Okay, but what about the odor problem? True, urine does stink and it gets worse the longer it sits around in an open container. But there is a simple way to counter that. Humans excrete roughly a half gallon of urine a day. Urine has roughly a one to one ratio of carbon to nitrogen which is too little carbon for aerobic microbes to process and turn into a plant-usable compound. Thus the urea will convert to ammonia and give off a noxious odor. However, if you change the ratio of carbon to 25 for each 1 part of nitrogen, microbes will convert the urea to nitrate, a plant nutrient of low odor. The way to do this is to pour urine into leaves or your compost pile or alternatively, add sugar (or possibly dried or liquid molasses) at about a third cup per person per day. Now you have a nitrogen fertilizer that also provides several other nutrient elements and compounds.
In agriculture, nitrogen is the most expensive nutrient to buy. It takes giant, energy-demanding factories to make nitrogen fertilizer from petroleum or by extracting nitrogen from the air. Whereas we need great factories to split N2 gas into two single nitrogen atoms, microbes we can’t even see do this with ease every day. But just as relevant, if we get away from the NPK mentality and simply supply all the other plant nutrient elements in correct ratios, nitrogen-fixing microbes will move in and make our nitrogen for free. But then, urine is free too.
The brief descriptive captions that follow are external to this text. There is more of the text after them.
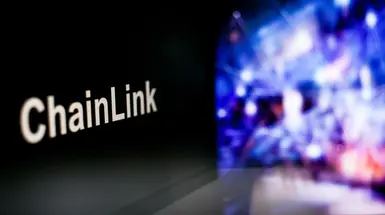 Chainlink vs Polkadot graphic Chainlink vs Polkadot graphic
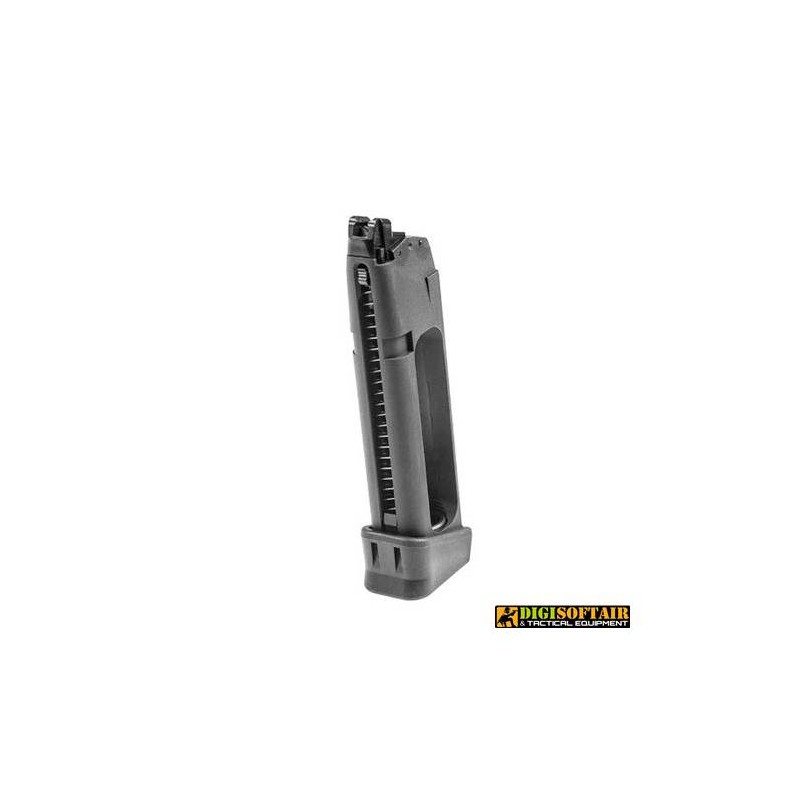 Caricatore per glock G17 G34 4gen Umarex 22bb a Co2 UM-2.6415.1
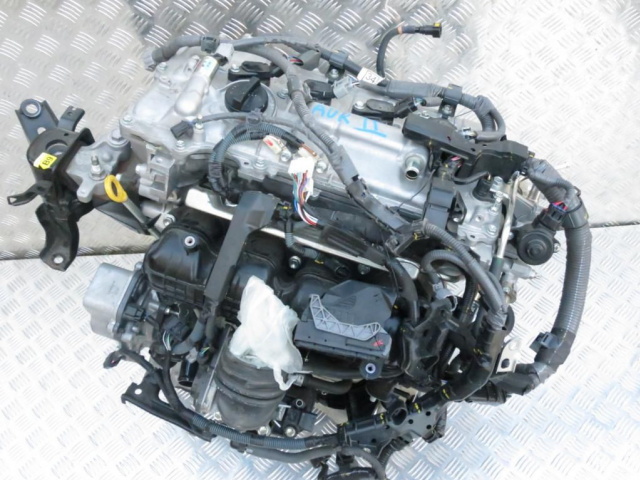 Двигатель TOYOTA AURIS II 1.8 VVT-I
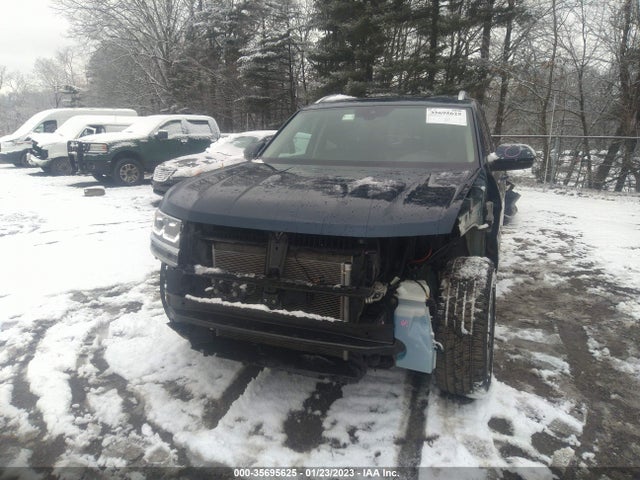 2019 VOLKSWAGEN ATLAS 3.6L V6 SE W VIN: 1V2XR2CA0KC577776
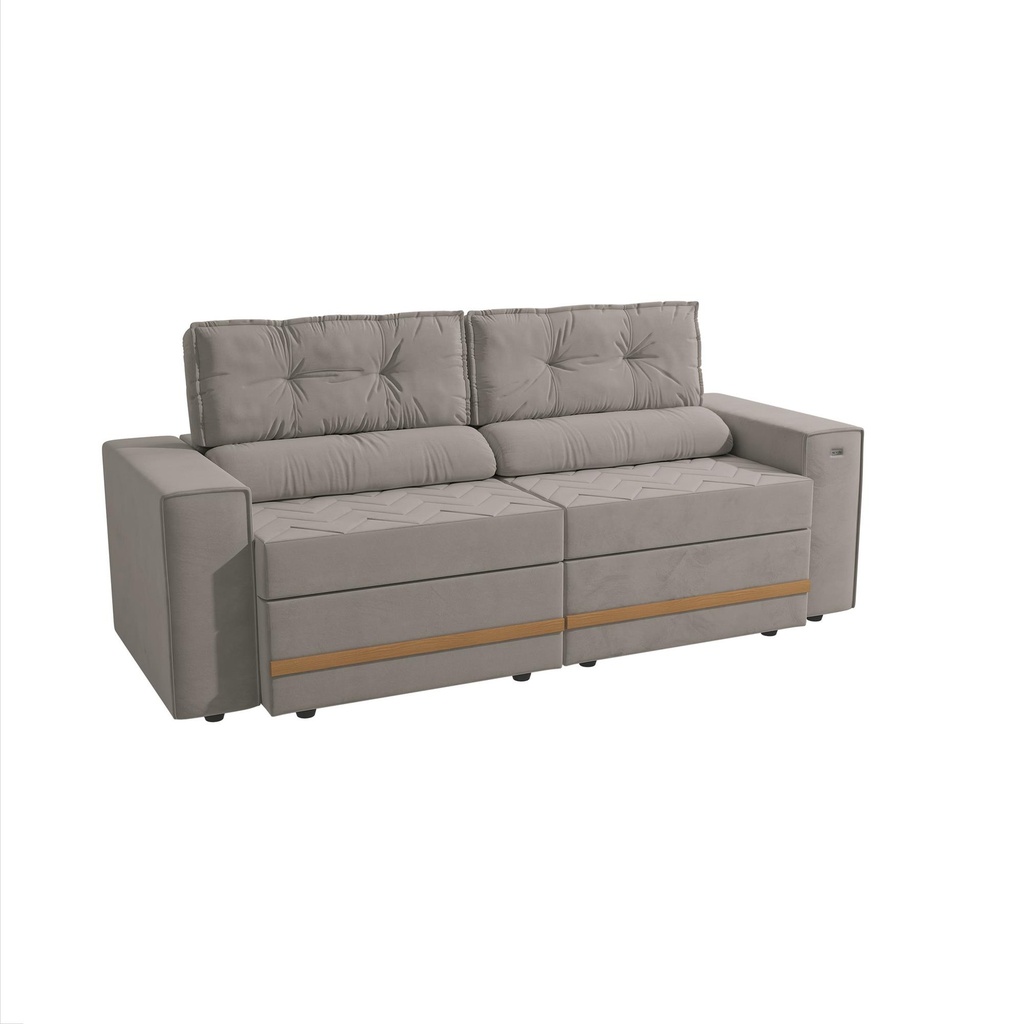 SOFA KAPPESBERG HAVANA 2,06M RECLINABLE S231-2-A027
I had a particular reason to look into the make-up, properties and methods of using urine for growing plants. Usually you use it in a highly diluted state. My interest has to do with using urine in relation to the pre-charging of biochar. This actually is done routinely in countries less averse to the idea than in our phobic and irrational society. Urine works for that purpose, but does not supply the full menu of nutrients you might want to launch your biochar addition to garden or farm soils. If we fail to pre-charge, there is an initial set-back in soil fertility improvement the first year or two. Why give up that year when you can get off to a running and pro-active fertilization start with a pre-charge solution and a two week marinating stage? This is the reason I developed a special full spectrum pre-charging slurry I named Bio-Charge, which is now on sale at BLO. Let me add that biochar is an effective deodorizer and filter on many things.
In other articles I have spelled out the astounding benefits of incorporating biochar into soil. Primarily it greatly reduces fertilization and watering needs for decades. This has tremendously profound prospects for the future of our civilization, for feeding the world’s hungry and otherwise making a tremendous impact on reversing global warming. And, of course it has highly meaningful impacts on agricultural sustainability and thereby many secondary benefits environmentally for the whole planet. We could eliminate most pesticides by doing this in conjunction with mineral-augmented organic fertilization and the return of mineral nutrients from the oceans.